In response to this survey, the council’s head of environmental services Neil Greenhalgh had said “The satisfaction rating is very important because it is the public perception at the end of the day, and you can’t get away from the fact that 47% is not good result. No matter how effective, I think the service we provide is the bottom line. We are here to serve the people of Charnwood and if they are not happy, then we need to do something about it”.
….He continued “We are now looking at more effective monitoring and training with the staff, putting more resources in there, and making them more visible to the public. At the end of the day we are here to listen. So, if there are any issues we can resolve then I welcome comments from members of the public”
Good talk! Isn’t it? I was particularly intrigued by those lines: “Putting more resources in there, and making them more visible to the public”. To me, this is the bottom of governance i.e. using public funds wisely, and for the greater common good.
But did I hear you mutter; Not in Nigeria! Why not Nigeria? What exactly is the problem? What factors currently mitigate the progress of Nigeria’s 774 local government councils?
To say that the period 1999 to date have remained the worst era in local government administration in Nigeria is to say the least. Within this period we have witnessed all sorts of strange events that have undermined that tier of government.
Many factors such as the sheer looting and siphoning of local council funds by the state governments (at first instance) and local government chairman (at second instance) are on top of the problems.
I was therefore elated with the recent courageous call of the Nigeria Union of Local Government Employees (NULGE) on the National Assembly to expunge the states/local government joint allocation accounts system, as well as other sundry issues that would prevent the third tier of government from delivering dividends of democracy to the citizenry.

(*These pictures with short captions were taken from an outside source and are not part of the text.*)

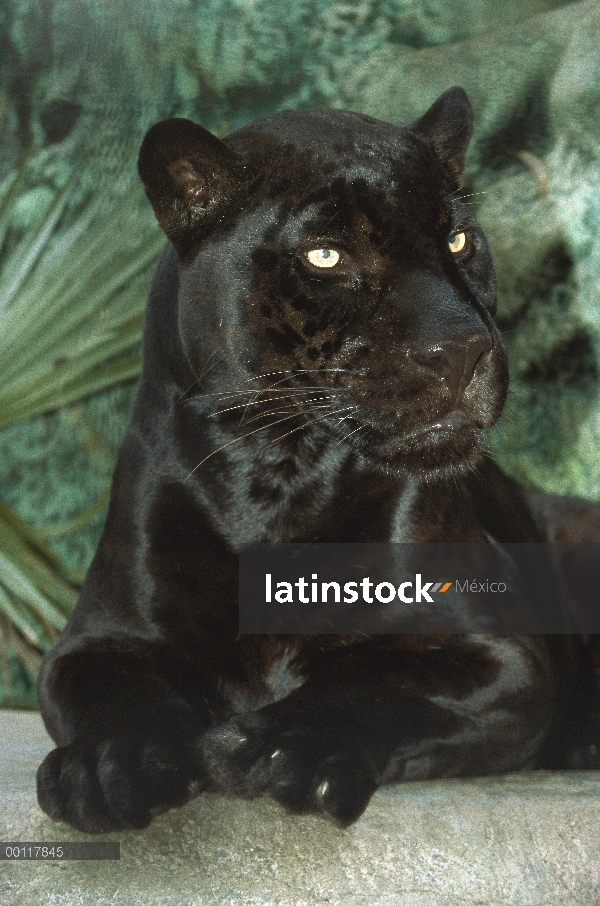 Fase de color oscuro melánicos de leopardo (Panthera pardus), nativo a Asia Sur-Oriental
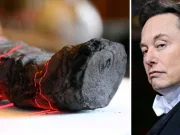 Elon Musk donează 3 milioane de dolari pentru descifrarea secretelor papirusurilor de la Herculaneum descifrarea secretelor papirusurilor de la Herculaneum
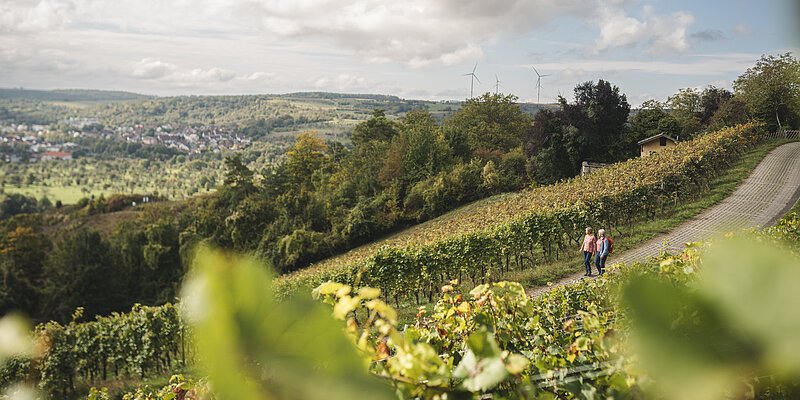 Zwei Frauen wandern auf dem Weinbergsweg Zwei Frauen wandern auf dem Weinbergsweg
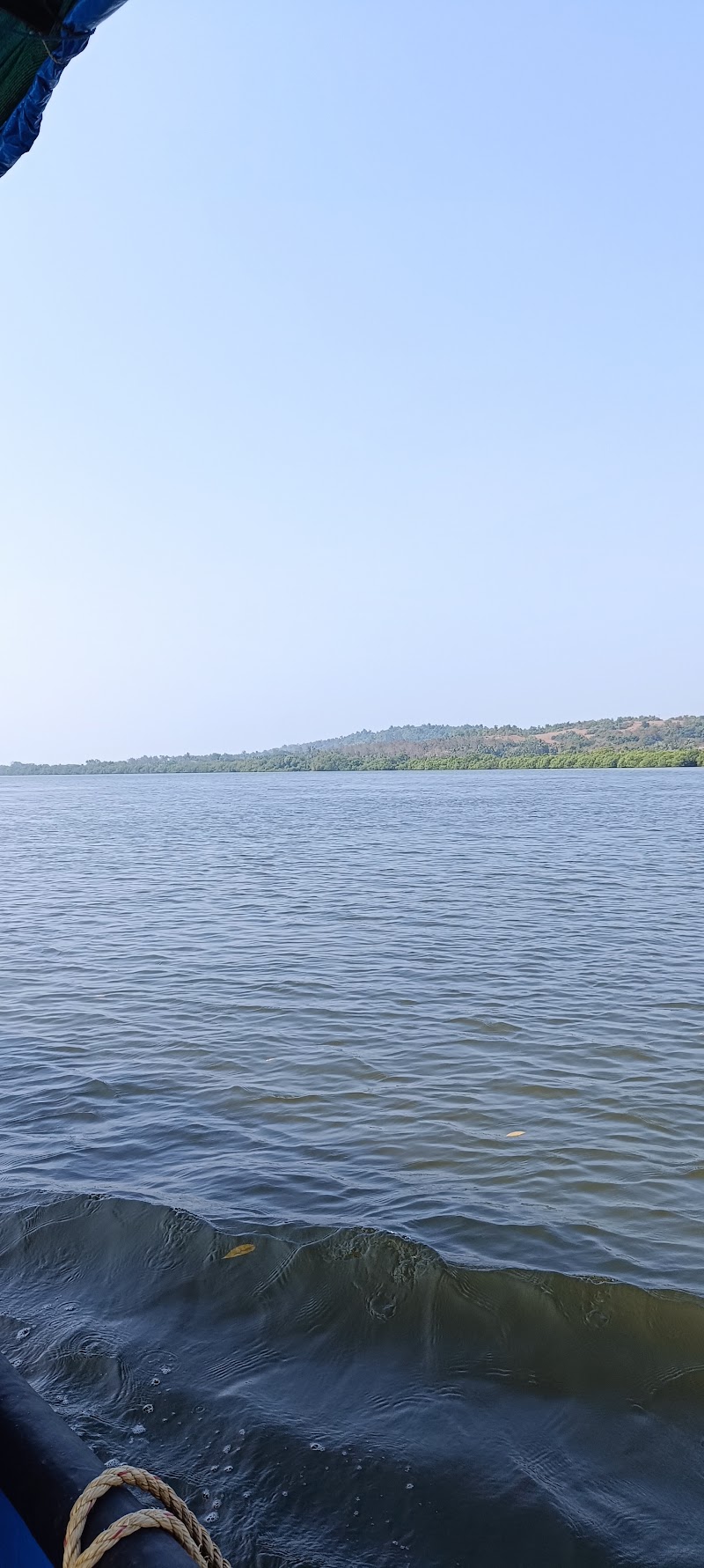 Mangrove Boat Ride (Prior booking required) - Mangrove Boat Ride (Prior booking required) Chorao Jetty, Madel, Goa 403102, India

The NULGE’s request contained in a communiqué issued at the end of its national executive council (NEC) specifically noted that the joint account was a channel used by the state government to siphon local council’s resources.

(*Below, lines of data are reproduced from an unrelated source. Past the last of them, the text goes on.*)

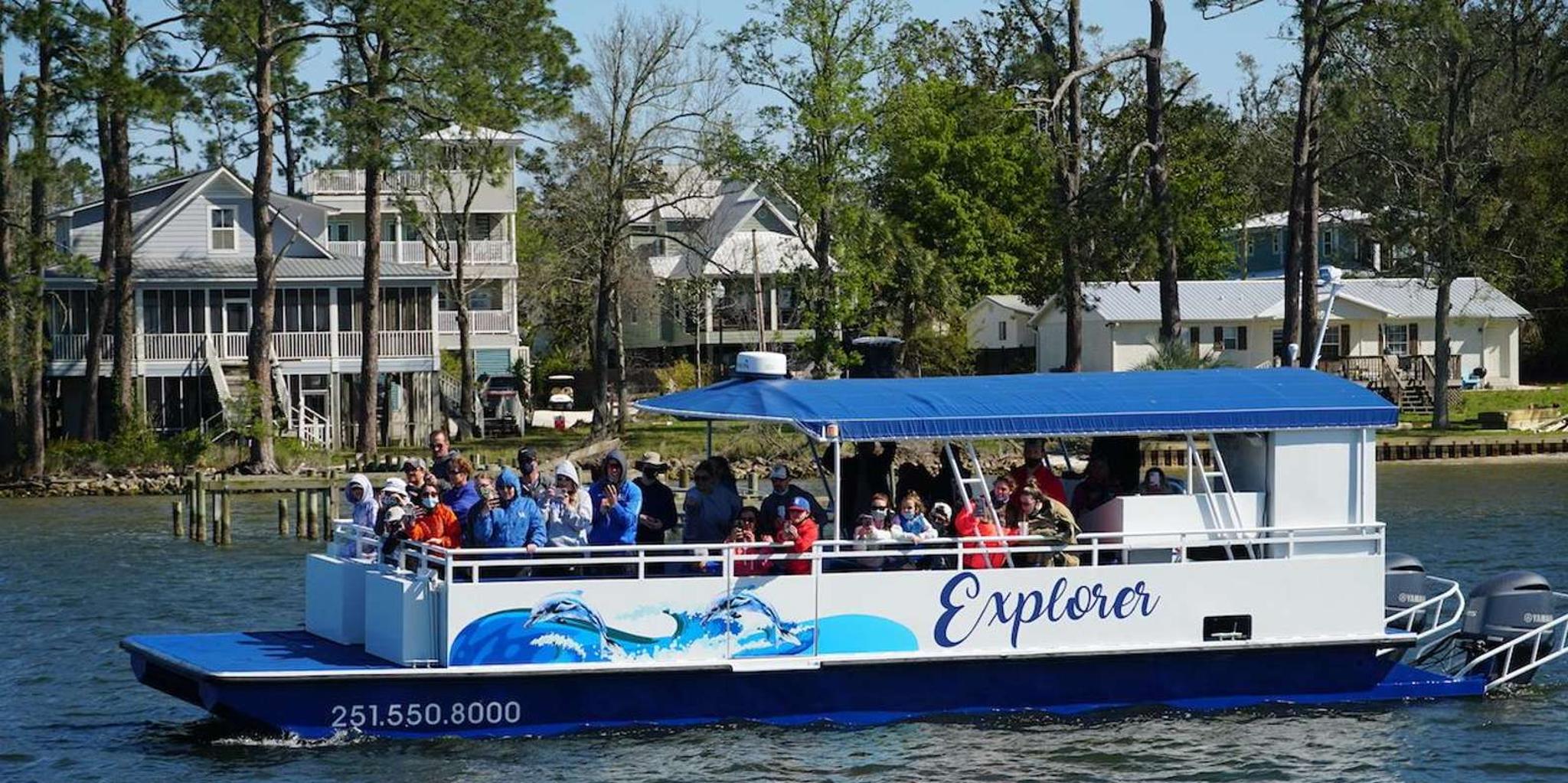 Orange Beach Dolphin-Watching Eco-Boat Tour 1.5 hr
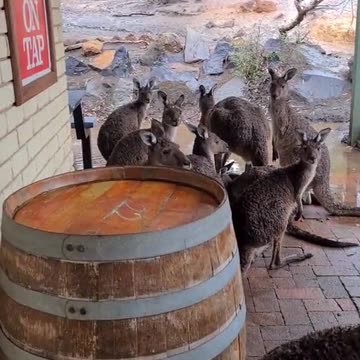 Kangaroo tales only in Australia 🇦🇺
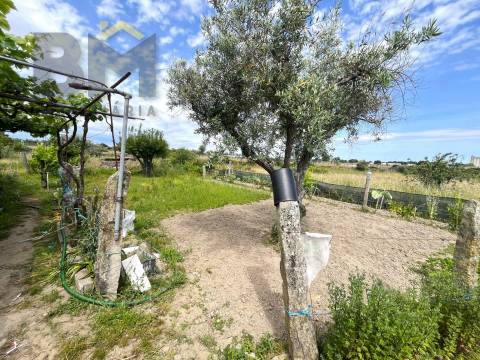 Quinta  Venda em Alcains,Castelo Branco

I can’t agree less with NULGE. They are right, albeit at first instance!
Currently we are being inundated with the mantra of the rule of law by the Shehu Yar Adua led Federal Government of Nigeria. There is every need to really put this mantra to test by doing what is right at that level of government otherwise this doctrine of the Rule of law will run the risk of a stillbirth.

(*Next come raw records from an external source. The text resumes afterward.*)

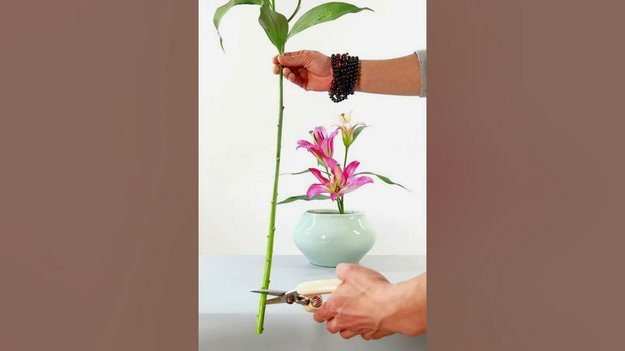 花呗里的钱怎么提？这几招要注意！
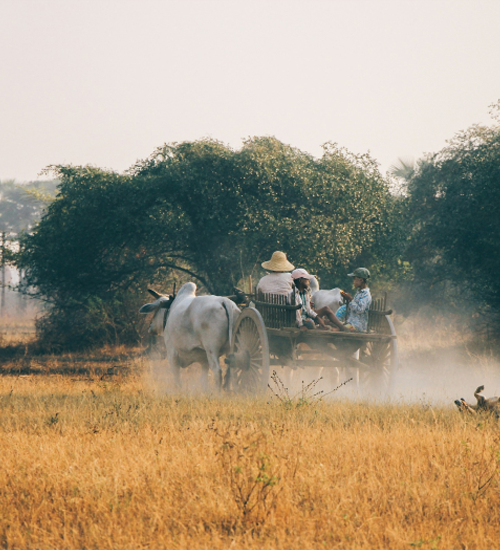 Hanoi Halong Bay Overnight on Junk-1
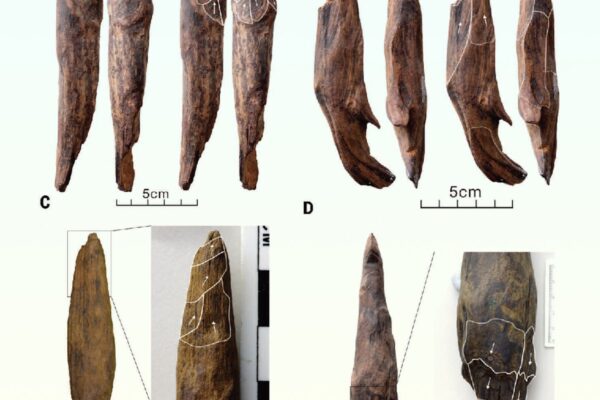 300,000-Year-Old Wooden Tools Discovered in China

This is already inevitable with the continued act of state governments to appoint caretaker, transition or management committees at the expiration of the tenure of every elected local council, and the sheer inertia to conduct free elections at that level.
It should however be noted that Section 7 of the 1999 constitution explicitly provides for democratically elected councils, and any system that infringes upon this is an aberration to the doctrine of the Rule of law.
I am also of the view that the National Assembly should urgently bar local councils under caretaker administrations from benefiting from the monthly statutory allocation because such administrative system is unknown to the constitution.
Making monthly allocations to local councils through state governments should be stopped by the National Assembly because this is culpable for the poor funding and non-performance at the local government level.
A source close to the councils, once confided to me that often, the council chairmen were mandated to sign for the real value as announced, but were made to collect amounts of money far less that real value, by the state governors.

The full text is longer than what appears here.